1. Restore PostgreSQL
# Find the dump you want. Prefer the most recent successful hour.
mc ls "$BACKUP_S3_BUCKET/pg/$(hostname)/" | tail
SNAPSHOT="2026-04-28/14.dump.gz"
# Pull it.
mc cp "$BACKUP_S3_BUCKET/pg/$(hostname)/$SNAPSHOT" /tmp/
# Decrypt if BACKUP_GPG_RECIPIENT was set on the producer side.
gpg --decrypt /tmp/14.dump.gz.gpg > /tmp/14.dump.gz
# Drop & recreate the database. The 'restrict' FK from gdpr_exports.requested_by
# to user means we restore in the right order — pg_restore handles this.
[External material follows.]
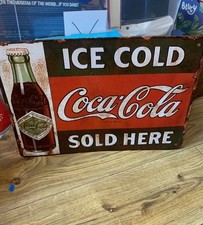 Ice Cold Coca-Cola Sold Here Tin Sign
psql "$DATABASE_URL" -c 'DROP DATABASE IF EXISTS port_nimara_crm WITH (FORCE);'
psql "$DATABASE_URL" -c 'CREATE DATABASE port_nimara_crm;'
gunzip -c /tmp/14.dump.gz | pg_restore --no-owner --no-privileges \
--dbname "$DATABASE_URL"
2. Restore MinIO
# Sync the backup bucket back over the live one. --overwrite handles
# files that were modified between snapshots.
mc mirror --overwrite \
"$BACKUP_S3_BUCKET/minio/" \
"live/$MINIO_BUCKET/"
3. Restore secrets
The .env file is not in object storage. Pull it from the password
manager / secrets vault. Verify ENCRYPTION_KEY matches the value used
when the database was last running — if it doesn't, rows in
system_settings (OCR API keys, etc.) decrypt to garbage and the OCR
"Test connection" button will return an opaque error. There is no
recovery path; the keys must be re-entered through the admin UI.
4. Bring services back up
docker compose -f docker-compose.prod.yml up -d
# Watch the worker logs; expect a flurry of socket reconnections, then quiet.
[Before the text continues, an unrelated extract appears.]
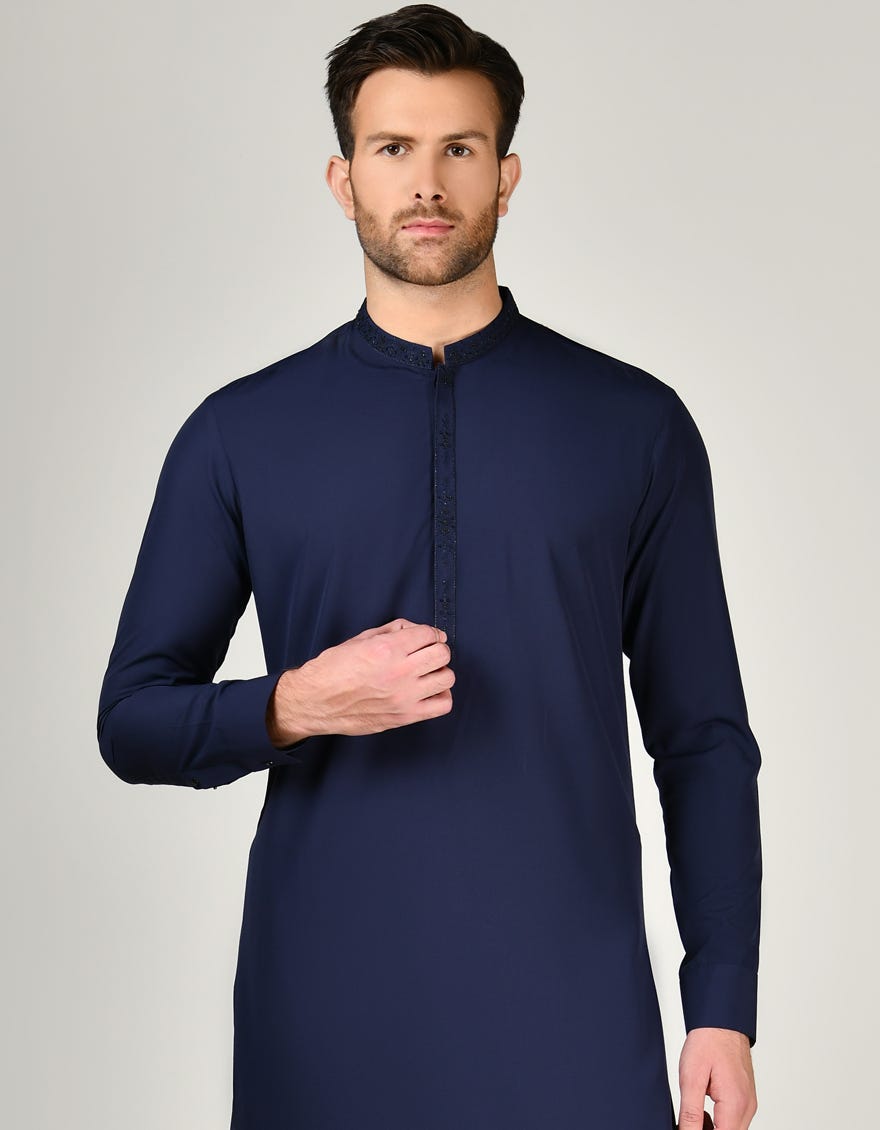 Navy Blue Blended Men's Kameez Shalwar | Jjks-A-37898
docker compose -f docker-compose.prod.yml logs -f worker
5. Verify
Tail through the smoke checklist, in order:
- DB up —
psql "$DATABASE_URL" -c 'SELECT count(*) FROM clients;'matches the producer-side count from the snapshot's hour. - MinIO up — open any client with attachments in the CRM, click a receipt thumbnail; verify the signed URL serves the file.
- Documenso webhooks — re-trigger one in the Documenso admin and
confirm
audit_logsrecords the receipt. - Email — send a portal invite to a real address.
- Realtime — open two browser windows, edit a client in one, watch the other update via Socket.IO.
- AI usage ledger —
SELECT count(*) FROM ai_usage_ledger;non-empty if AI was being used. Old rows survive but the budget gates reset alongside the period boundary at month rollover.
Drill schedule
The weekly drill (cron line above) runs restore.sh --drill against a
throwaway database and a sandbox MinIO bucket. It must produce zero diff
between the restored row counts and the live row counts (modulo the
hour-or-so the drill takes to run).
Failure modes the drill catches before they bite production:
- New tables added without inclusion in
pg_dump's--schema=public(we use the default, which captures everything inpublic— but a future developer adding atenant_Xschema will silently lose it). - MinIO bucket-policy changes that block the backup-side
s3:GetObjecton certain prefixes. - GPG passphrase rotation that wasn't propagated to the restore host.
- A
pg_restoreversion skew with the producer-sidepg_dump.